By THOMAS PIKETTY*
To repair society from the damage of racism and colonialism, it is necessary to change the economic system
The wave of mobilizations against racism and discrimination poses a crucial question: that of reparations in the face of a colonial and slave-owning past that definitely does not pass. Whatever its complexity, the issue cannot be avoided forever, neither in the United States nor in Europe.
At the end of the Civil War, in 1865, Republican Lincoln promised emancipated slaves that after victory they would obtain “a mule and 40 acres of land” (about 16 hectares). The idea was to compensate them for decades of mistreatment and unpaid work and allow them to face the future as free workers. Had it been adopted, this program would have represented large-scale agrarian redistribution, mainly at the expense of large slaveholders.
But once the fighting was over, the promise was forgotten: no compensation text was adopted, and the 40 acres and the mule became the symbol of Northerners' deception and hypocrisy – so much so that [film] director Spike Lee used the expression ironically to name their production company. The Democrats regained control of the South and enforced segregation and racial discrimination for another century, until the 1960s. Again, no compensation was enforced.
Strangely, however, other historical episodes gave rise to different treatments. In 1988, Congress passed a law granting $20.000 to Japanese Americans interned during World War II. Compensation was applied to people still alive in 1988 (about 80.000 people out of 120.000 Japanese Americans interned from 1942 to 1946), at a cost of $1,6 billion. A similar compensation paid to African-American victims of segregation would have a strong symbolic value.
In the United Kingdom and France, the abolition of slavery was always accompanied by National Treasury compensation [paid] to landowners. For “liberal” intellectuals like Tocqueville or Schoelcher, it was a no-brainer: if we deprive these owners of their property (which, after all, was acquired in a legal context) without fair compensation, then where would we end up on this dangerous escalation? As for former slaves, they had to learn freedom by working hard. They were entitled to nothing but the obligation to enter into long-term employment contracts with landlords, the lack of which would lead to imprisonment for vagrancy. Other forms of forced labor were applied in the French colonies until 1950.
When the British abolition [of slavery] in 1833, the equivalent of 5% of the national income of the United Kingdom (today 120 billion euros) was paid to 4.000 owners, with an average remuneration of 30 million euros, the origin of many fortunes still visible today.

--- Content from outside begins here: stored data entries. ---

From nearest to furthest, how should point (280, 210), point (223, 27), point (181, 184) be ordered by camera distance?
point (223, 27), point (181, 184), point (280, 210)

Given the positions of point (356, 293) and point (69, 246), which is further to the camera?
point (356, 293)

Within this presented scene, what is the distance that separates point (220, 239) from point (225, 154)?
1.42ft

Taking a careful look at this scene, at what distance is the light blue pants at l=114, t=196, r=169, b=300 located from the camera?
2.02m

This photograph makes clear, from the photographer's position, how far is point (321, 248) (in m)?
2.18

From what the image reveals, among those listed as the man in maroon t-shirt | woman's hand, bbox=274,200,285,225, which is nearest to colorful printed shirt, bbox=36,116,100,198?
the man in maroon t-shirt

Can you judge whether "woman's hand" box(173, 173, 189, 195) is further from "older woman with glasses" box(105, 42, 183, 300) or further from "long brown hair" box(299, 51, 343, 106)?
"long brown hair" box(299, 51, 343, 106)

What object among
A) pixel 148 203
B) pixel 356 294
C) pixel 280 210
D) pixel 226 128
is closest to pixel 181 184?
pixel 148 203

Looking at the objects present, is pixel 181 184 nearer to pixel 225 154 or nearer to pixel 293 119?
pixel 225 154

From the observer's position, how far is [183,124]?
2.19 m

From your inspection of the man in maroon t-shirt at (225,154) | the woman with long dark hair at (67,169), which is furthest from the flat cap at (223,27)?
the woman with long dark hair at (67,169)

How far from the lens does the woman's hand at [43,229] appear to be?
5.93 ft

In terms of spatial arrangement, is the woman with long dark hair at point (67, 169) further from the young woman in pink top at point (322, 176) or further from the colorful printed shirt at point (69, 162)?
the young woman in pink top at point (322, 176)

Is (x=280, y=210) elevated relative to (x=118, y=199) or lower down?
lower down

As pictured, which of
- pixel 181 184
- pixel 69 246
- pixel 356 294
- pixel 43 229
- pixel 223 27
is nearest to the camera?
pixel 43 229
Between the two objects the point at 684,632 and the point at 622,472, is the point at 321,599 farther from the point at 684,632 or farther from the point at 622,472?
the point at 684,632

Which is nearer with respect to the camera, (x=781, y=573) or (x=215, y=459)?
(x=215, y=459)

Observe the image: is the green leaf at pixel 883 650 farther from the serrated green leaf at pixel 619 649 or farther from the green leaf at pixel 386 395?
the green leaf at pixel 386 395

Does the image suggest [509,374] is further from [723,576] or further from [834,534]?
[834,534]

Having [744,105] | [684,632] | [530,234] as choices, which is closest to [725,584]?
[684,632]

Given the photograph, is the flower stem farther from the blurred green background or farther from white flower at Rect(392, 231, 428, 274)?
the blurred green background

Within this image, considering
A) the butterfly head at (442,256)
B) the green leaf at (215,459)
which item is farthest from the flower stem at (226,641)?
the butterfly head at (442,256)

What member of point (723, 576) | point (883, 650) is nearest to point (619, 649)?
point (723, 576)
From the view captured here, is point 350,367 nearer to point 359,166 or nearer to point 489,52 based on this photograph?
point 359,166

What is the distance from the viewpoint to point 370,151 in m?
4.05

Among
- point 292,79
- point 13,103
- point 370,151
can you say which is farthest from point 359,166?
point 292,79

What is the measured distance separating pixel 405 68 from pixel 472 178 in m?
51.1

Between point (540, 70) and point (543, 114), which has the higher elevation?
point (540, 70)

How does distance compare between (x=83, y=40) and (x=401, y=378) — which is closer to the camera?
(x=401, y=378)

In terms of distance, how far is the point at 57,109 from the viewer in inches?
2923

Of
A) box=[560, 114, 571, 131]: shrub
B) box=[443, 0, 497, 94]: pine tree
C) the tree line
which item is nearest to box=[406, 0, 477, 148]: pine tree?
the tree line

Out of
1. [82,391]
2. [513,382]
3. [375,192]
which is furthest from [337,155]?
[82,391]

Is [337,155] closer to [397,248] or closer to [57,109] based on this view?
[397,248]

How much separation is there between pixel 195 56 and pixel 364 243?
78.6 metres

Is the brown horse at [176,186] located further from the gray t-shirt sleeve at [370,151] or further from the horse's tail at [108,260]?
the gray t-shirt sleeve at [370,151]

Compensation was also applied in 1848 to the owners of [Island of] Réunion, Guadeloupe, Martinique and Guyana. In 2001, during the debates surrounding the recognition of slavery as a crime against humanity, Christiane Taubira unsuccessfully tried to convince her fellow deputies to create a commission charged with reflecting on compensation for slave descendants, in particular with regard to access to land and property, always very concentrated among the descendants of the planters.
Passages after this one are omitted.